Não sei bem dizer em que momento exatamente os números pararam de fazer sentido. Mas o CPF me levou até o relógio e logo aquele modo de organização da vida deixou de representar pra mim qualquer senso de realidade. Os números não diziam nada sobre meu verdadeiro eu e as horas vendidas em troca de números virtuais não compensavam a vida que se esvaía pelo ralo. Como o lugar, o tempo se tornou palpável e eu queria sumir de dentro do relógio.
De repente, eu me tornei atenta. Um sentimento passou a me inundar, a atenção de viver que, mais que atenção à vida, era o processo de vida em mim. Estaria eu, até então, vivendo não a verdade, mas o mito da verdade? Eu não podia mais negar. O quê? Eu não sei bem, só sei que não podia mais…

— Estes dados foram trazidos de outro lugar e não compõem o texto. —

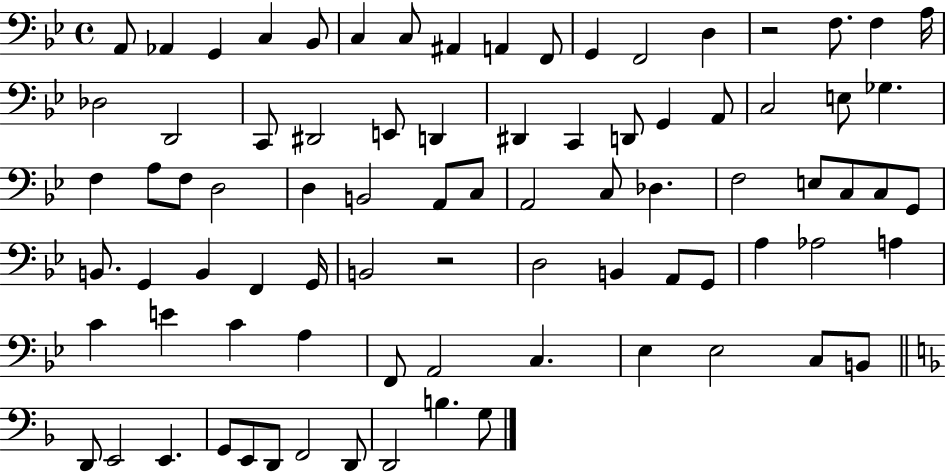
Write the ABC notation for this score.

X:1
T:Untitled
M:4/4
L:1/4
K:Bb
A,,/2 _A,, G,, C, _B,,/2 C, C,/2 ^A,, A,, F,,/2 G,, F,,2 D, z2 F,/2 F, A,/4 _D,2 D,,2 C,,/2 ^D,,2 E,,/2 D,, ^D,, C,, D,,/2 G,, A,,/2 C,2 E,/2 _G, F, A,/2 F,/2 D,2 D, B,,2 A,,/2 C,/2 A,,2 C,/2 _D, F,2 E,/2 C,/2 C,/2 G,,/2 B,,/2 G,, B,, F,, G,,/4 B,,2 z2 D,2 B,, A,,/2 G,,/2 A, _A,2 A, C E C A, F,,/2 A,,2 C, _E, _E,2 C,/2 B,,/2 D,,/2 E,,2 E,, G,,/2 E,,/2 D,,/2 F,,2 D,,/2 D,,2 B, G,/2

Algo havia se transformado e tudo passou a ser passível de questionamento. O que eu vivia era o mais puro, límpido, processo do instante. Do agora. E o agora eu nunca tinha imaginado. As palavras planejadas, pensadas, os gestos arquitetados, a conversa ensaiada, a morte. Tudo isso era imaginável pois era o futuro. O futuro está aberto e é imaginável. E para imaginar, ah, pra isso eu tivera tempo. Tivera bastante tempo. Mas nunca pensara sobre o instante do agora. Entre eu e o presente não há intervalo nem tempo de preparo; é agora, em mim.

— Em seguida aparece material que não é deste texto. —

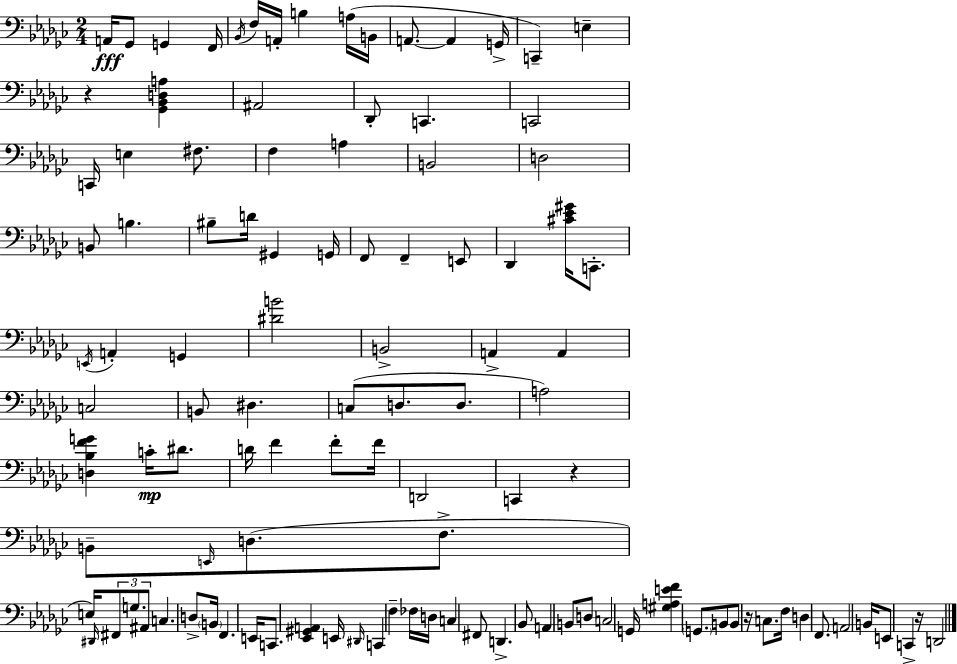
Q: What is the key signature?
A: EES minor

Morrer eu sabia de antemão e morrer era o futuro esperado. Mas o agora… ah, o agora não se pretende até o momento em que chega e desabrocha e te inunda. Nunca antes eu soubera que a hora de viver não tem palavra. O momento em que eu vivia, ali, recém chegada do supermercado, a mochila com as compras lançada no chão, aquela casa de dois cômodos tão pequena quanto quão grande já tinha sido. Olhava ao redor e eu não cabia. Eu não cabia. Não era na casa que eu não cabia, não cabia mais nas métricas numéricas do Mundo. Preço, hora, dados… quem, até então, tinha sido eu, afinal?! Não havia mais tempo a perder. A hora de viver estava sendo tão já que eu encostava a boca na matéria da vida. Finalmente sucumbi, e o momento tornou-se um agora. Respirei fundo, e, no silêncio entre o inspirar e o expirar, escutei a respiração do mundo. Perder-se é um achar-se perigoso e delicioso. E o viver, a partir daquele instante que me escapava entre os dedos, ganhou um novo compasso de medida.
Talvez se eu criar e escrever sobre a vida, a vida passe a ter um sentido em ser.